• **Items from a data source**
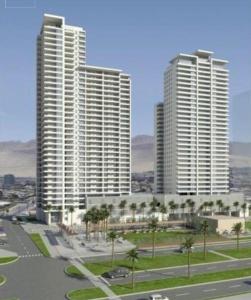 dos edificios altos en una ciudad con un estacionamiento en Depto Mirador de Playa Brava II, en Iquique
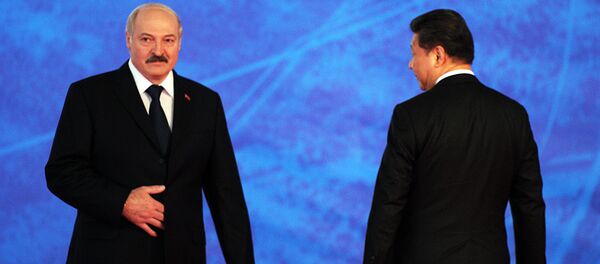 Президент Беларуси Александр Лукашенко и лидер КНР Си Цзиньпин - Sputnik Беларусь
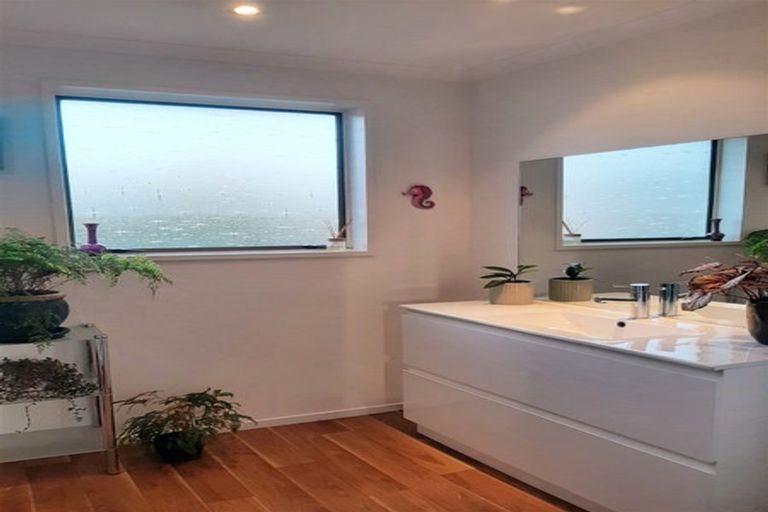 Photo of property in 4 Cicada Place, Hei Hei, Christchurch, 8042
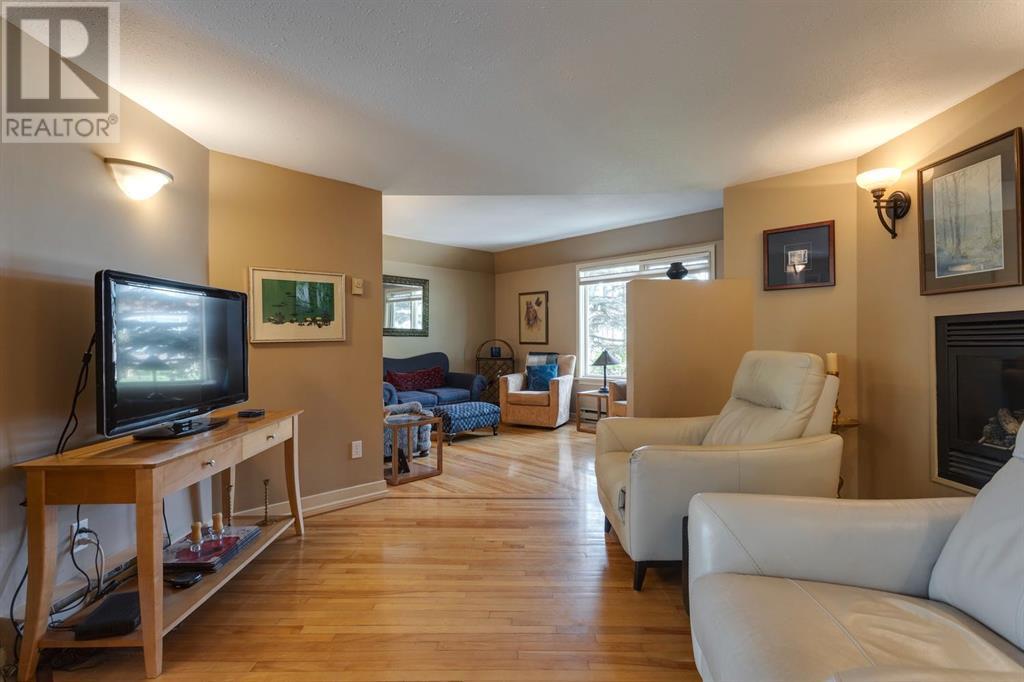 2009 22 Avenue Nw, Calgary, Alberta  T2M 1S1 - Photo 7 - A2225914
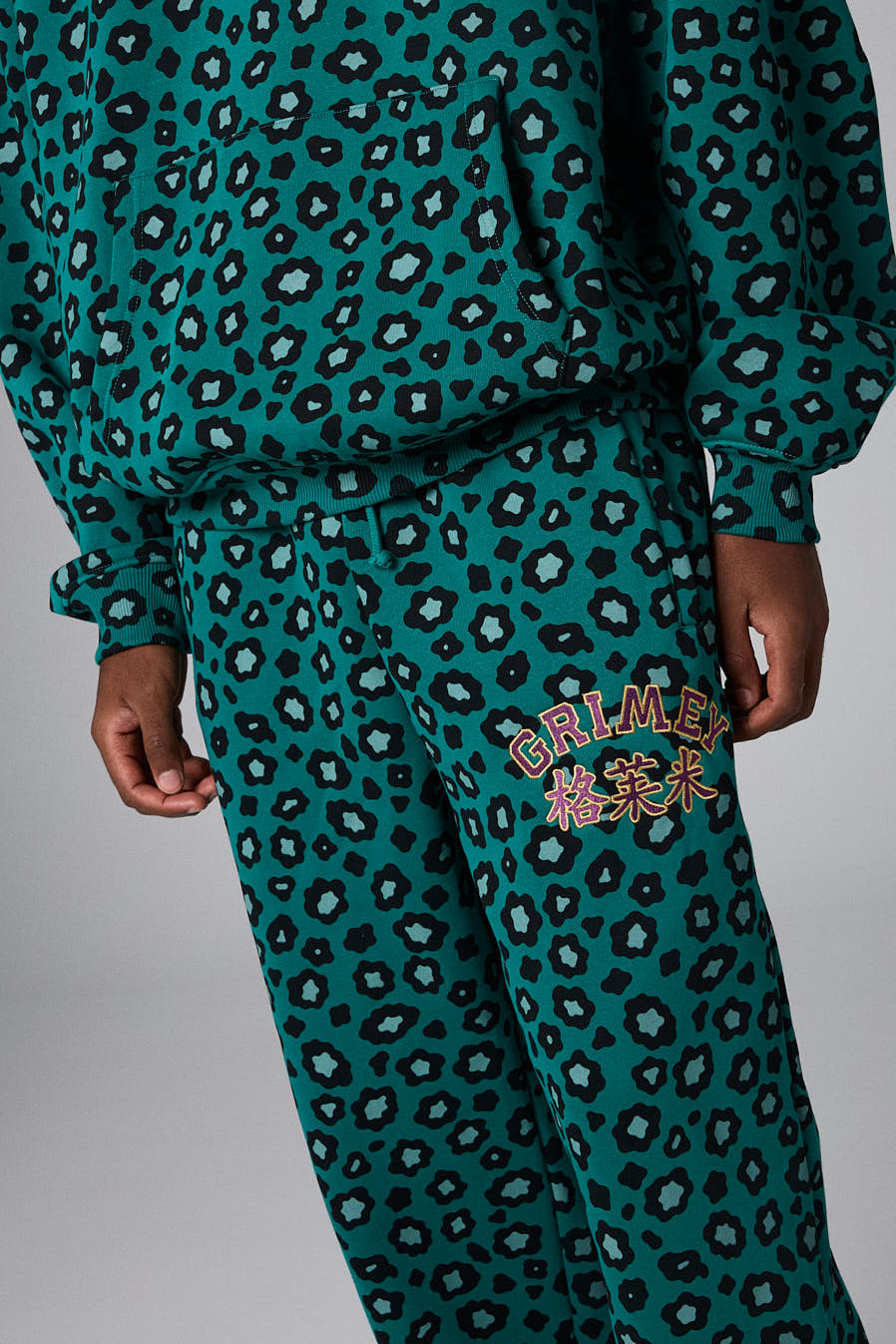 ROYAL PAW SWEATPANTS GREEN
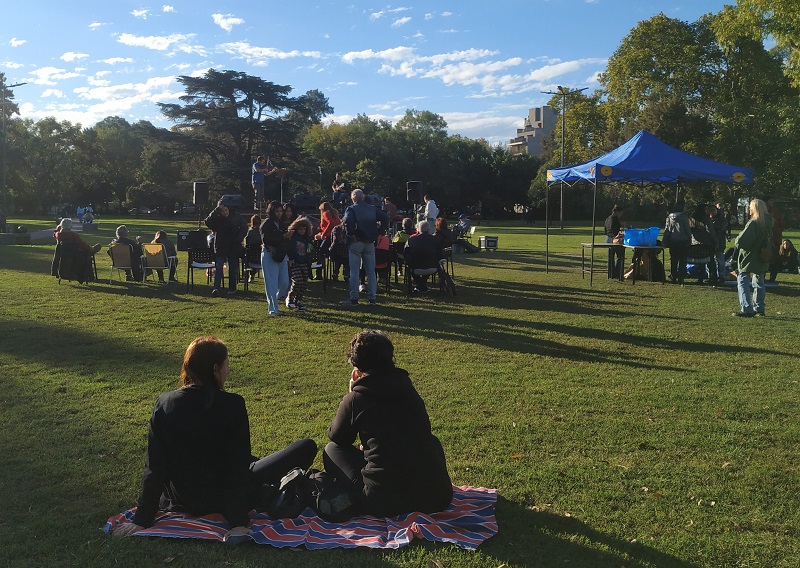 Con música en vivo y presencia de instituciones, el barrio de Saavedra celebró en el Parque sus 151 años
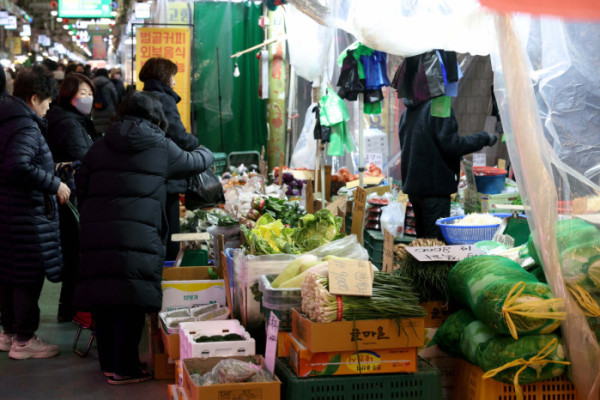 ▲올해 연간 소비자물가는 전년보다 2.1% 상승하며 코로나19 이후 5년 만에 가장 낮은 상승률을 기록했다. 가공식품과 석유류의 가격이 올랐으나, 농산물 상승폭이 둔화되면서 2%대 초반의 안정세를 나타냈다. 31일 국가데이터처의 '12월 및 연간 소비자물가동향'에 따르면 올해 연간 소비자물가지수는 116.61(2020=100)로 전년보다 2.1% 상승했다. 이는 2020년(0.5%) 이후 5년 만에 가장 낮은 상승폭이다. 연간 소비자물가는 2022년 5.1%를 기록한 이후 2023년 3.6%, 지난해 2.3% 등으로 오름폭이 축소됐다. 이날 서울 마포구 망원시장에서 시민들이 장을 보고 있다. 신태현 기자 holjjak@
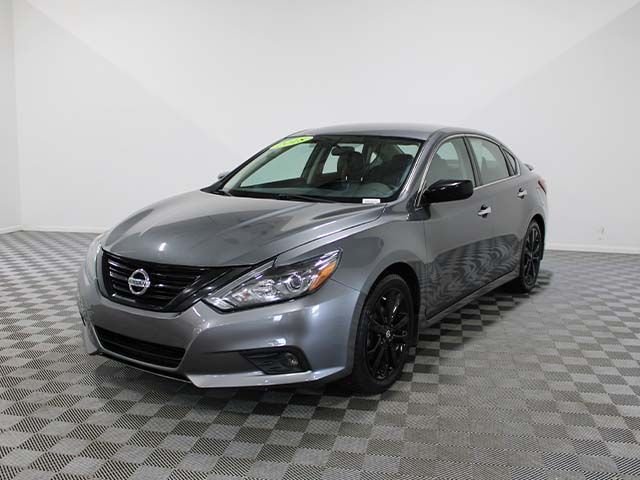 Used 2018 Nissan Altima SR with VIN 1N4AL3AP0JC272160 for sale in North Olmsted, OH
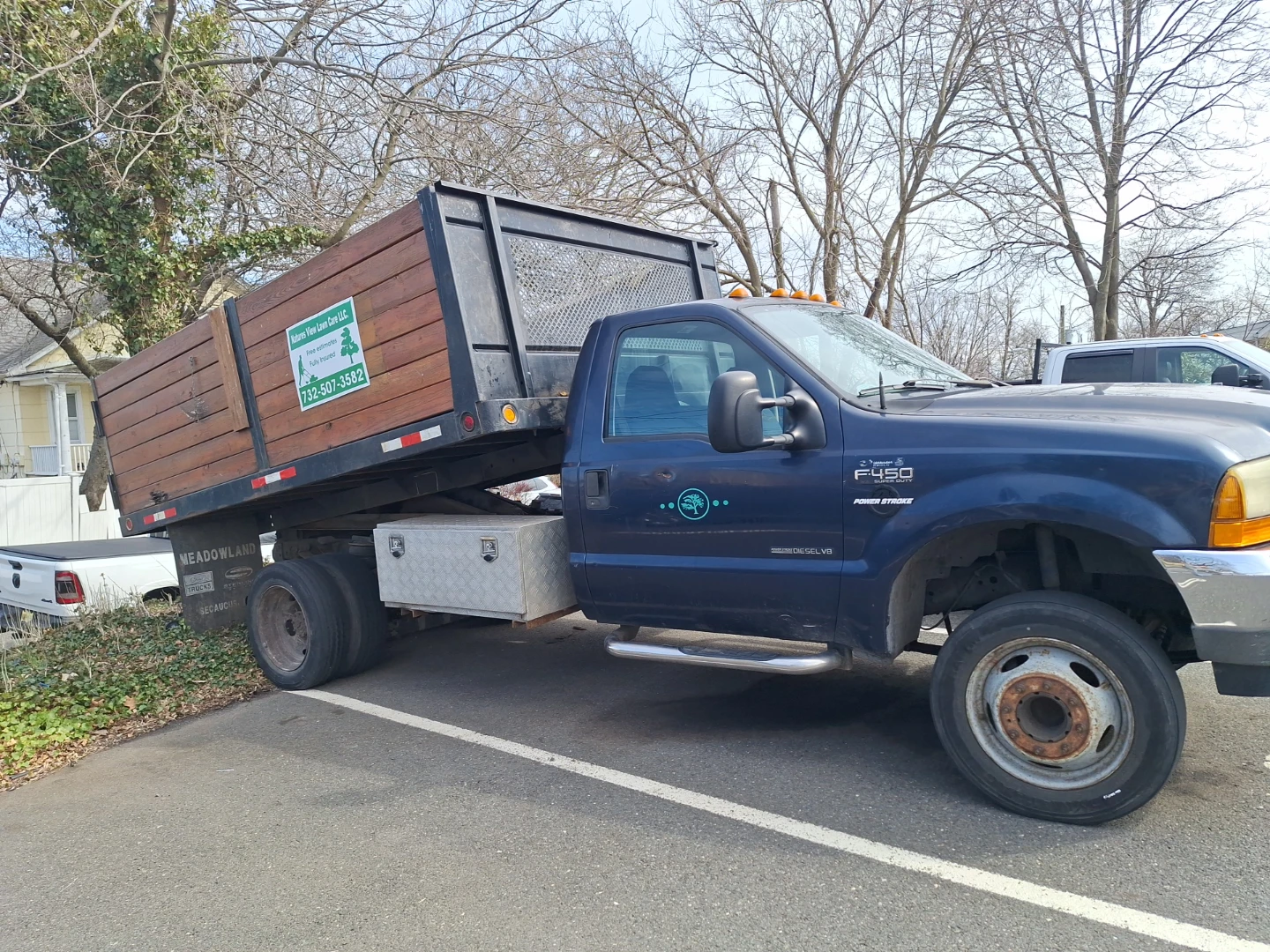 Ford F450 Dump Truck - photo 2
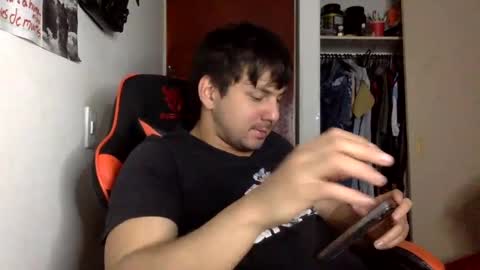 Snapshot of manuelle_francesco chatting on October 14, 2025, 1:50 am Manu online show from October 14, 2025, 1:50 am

• **Task item**
Retype the entries verbatim and drop the pictures.

• **Output of the exercise**
 dos edificios altos en una ciudad con un estacionamiento en Depto Mirador de Playa Brava II, en Iquique
 Президент Беларуси Александр Лукашенко и лидер КНР Си Цзиньпин - Sputnik Беларусь
 Photo of property in 4 Cicada Place, Hei Hei, Christchurch, 8042
 2009 22 Avenue Nw, Calgary, Alberta  T2M 1S1 - Photo 7 - A2225914
 ROYAL PAW SWEATPANTS GREEN
 Con música en vivo y presencia de instituciones, el barrio de Saavedra celebró en el Parque sus 151 años
 ▲올해 연간 소비자물가는 전년보다 2.1% 상승하며 코로나19 이후 5년 만에 가장 낮은 상승률을 기록했다. 가공식품과 석유류의 가격이 올랐으나, 농산물 상승폭이 둔화되면서 2%대 초반의 안정세를 나타냈다. 31일 국가데이터처의 '12월 및 연간 소비자물가동향'에 따르면 올해 연간 소비자물가지수는 116.61(2020=100)로 전년보다 2.1% 상승했다. 이는 2020년(0.5%) 이후 5년 만에 가장 낮은 상승폭이다. 연간 소비자물가는 2022년 5.1%를 기록한 이후 2023년 3.6%, 지난해 2.3% 등으로 오름폭이 축소됐다. 이날 서울 마포구 망원시장에서 시민들이 장을 보고 있다. 신태현 기자 holjjak@
 Used 2018 Nissan Altima SR with VIN 1N4AL3AP0JC272160 for sale in North Olmsted, OH
 Ford F450 Dump Truck - photo 2
 Snapshot of manuelle_francesco chatting on October 14, 2025, 1:50 am Manu online show from October 14, 2025, 1:50 am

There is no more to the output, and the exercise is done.